ROMA
Antonello e la città
Nel giorno di una ricorrenza memorabile se ne va uno dei ribelli di Roma. La città perde uno dei suoi più importanti narratori.
È difficile relazionarsi e avere a che fare con quell’evento connaturato alla nostra vita fin dalla nascita. Nominarlo, evocarlo oltre l’arte e la poesia. Quando viene all’improvviso e si porta via un compagno, un amico. Noi che, impegnati tutti i giorni a vivere, a lottare, a dare un senso alla quotidianità, spesso ci dimentichiamo della potenza di un vuoto e di una mancanza importante.
Difficile parlarne, prendersi un momento e non aver paura di evocare l’assenza. Ognuna/o potrà dire di avere i suoi frames di Antonello, urbanista, architetto, scrittore, redattore, cantore dei luoghi della città e quanto altro ancora: quella volta che mi consigliò per la tesi, quelle cene nel quadrante San Lorenzo e Prenestino-Casilino, quella recensione commissionata, quegli scambi cinefili, i resoconti parigini da nonno, gli aneddoti raccontati “quella volta che mentre passeggiavamo con David Harvey a San Lorenzo, parlavamo di Carlo Cattaneo”. Le assemblee, le iniziative, le riunioni di redazione in cui, sempre presente e attivo, si metteva di tanto in tanto a chiacchierare ad alta voce coinvolgendo Augusto prima che qualcuno dicesse necessariamente: “mo vi divido”…
Eh sì, personalmente l’ho incrociato per la prima volta politicamente in quel progetto editoriale di informazione indipendente bellissimo che è DinamoPress, redazione metropolitana e transnazionale, dalle piazze, alla rete e viceversa, esperimento di cooperazione e mutualismo. Antonello “Costretto” anche a iscriversi alla piattaforma social per essere più connesso con il desk, e sì, ci regalava anche lì i suoi bozzetti. Sempre presente, una vita dalla parte giusta, in trincea, aperto ad ogni nuova sfida con l’entusiasmo di chi osa e ama ancora apprendere mentre regala esperienza.
La scommessa del crowdfunding e del sito nuovo che non ha fatto in tempo a vedere, l’ultimo libro appena uscito, che quando ne parlava gli brillavano gli occhi come un bambino.

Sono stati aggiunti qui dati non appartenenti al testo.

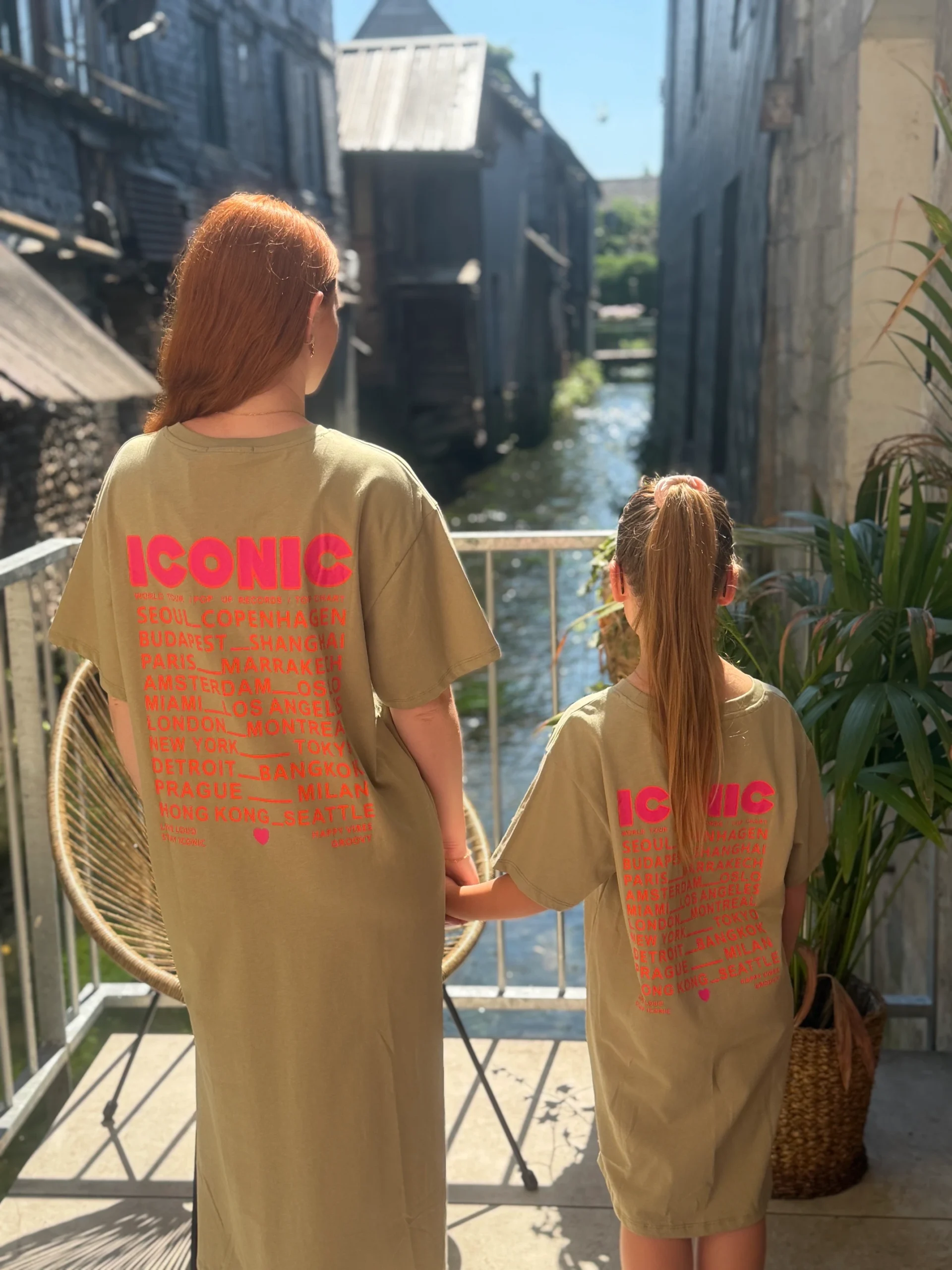 Tenue mère fille assortie chic matchy matchy Dream By C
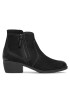 Clarks Боти Charlten Ave 261741744 Черен - Pepit.bg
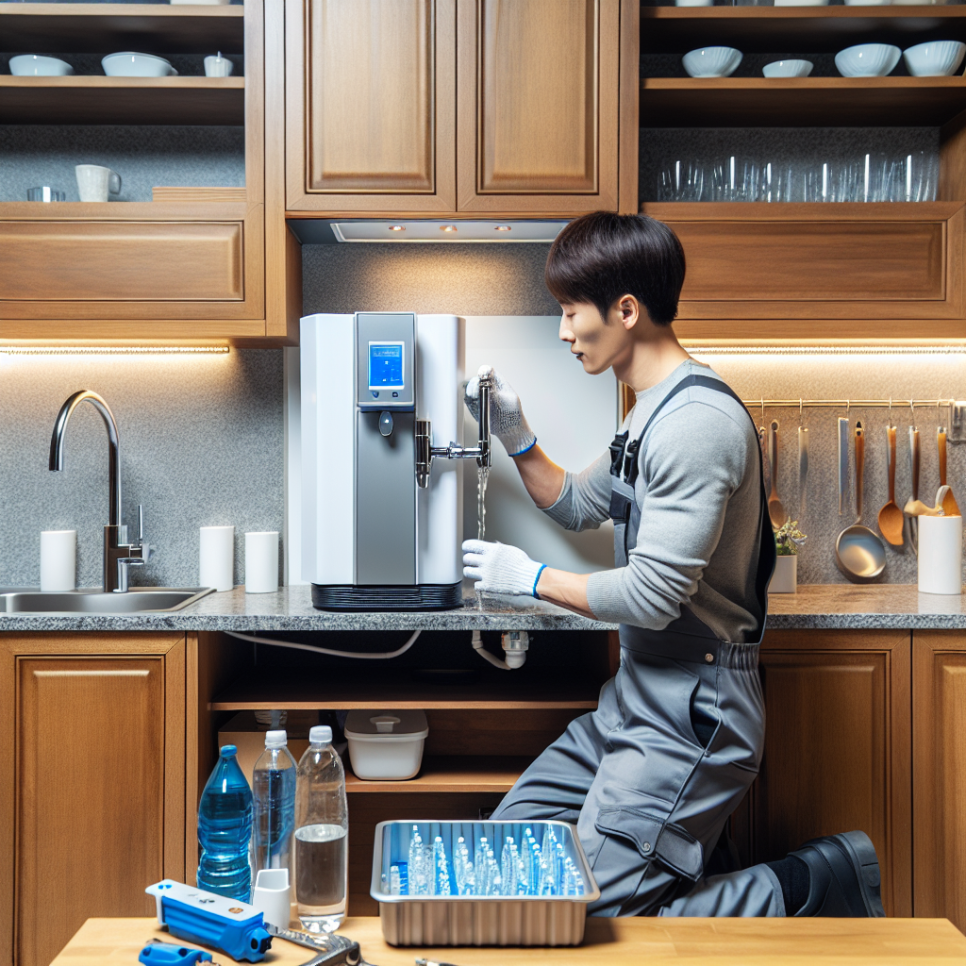 코웨이 우리대리점 이미지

Un dedalo di racconti che si intrecciano nei luoghi e nelle epoche della città che Antonello amava esplorare insieme alla compagna della vita, Rossella.
Per l’Antonello poeta dell’urbanistica e dell’architettura, la città diventa immediatamente scenario narrativo, ma anche laboratorio di pratiche politiche, “opera collettiva” per eccellenza determinata dalla fitta trama d’interazioni tra soggetti, sia nella contesa per gli spazi sia nei processi di significazione e rappresentazione, in un filone di pensiero attento al ruolo di un’architettura sempre in relazione con l’individuo e con la comunità.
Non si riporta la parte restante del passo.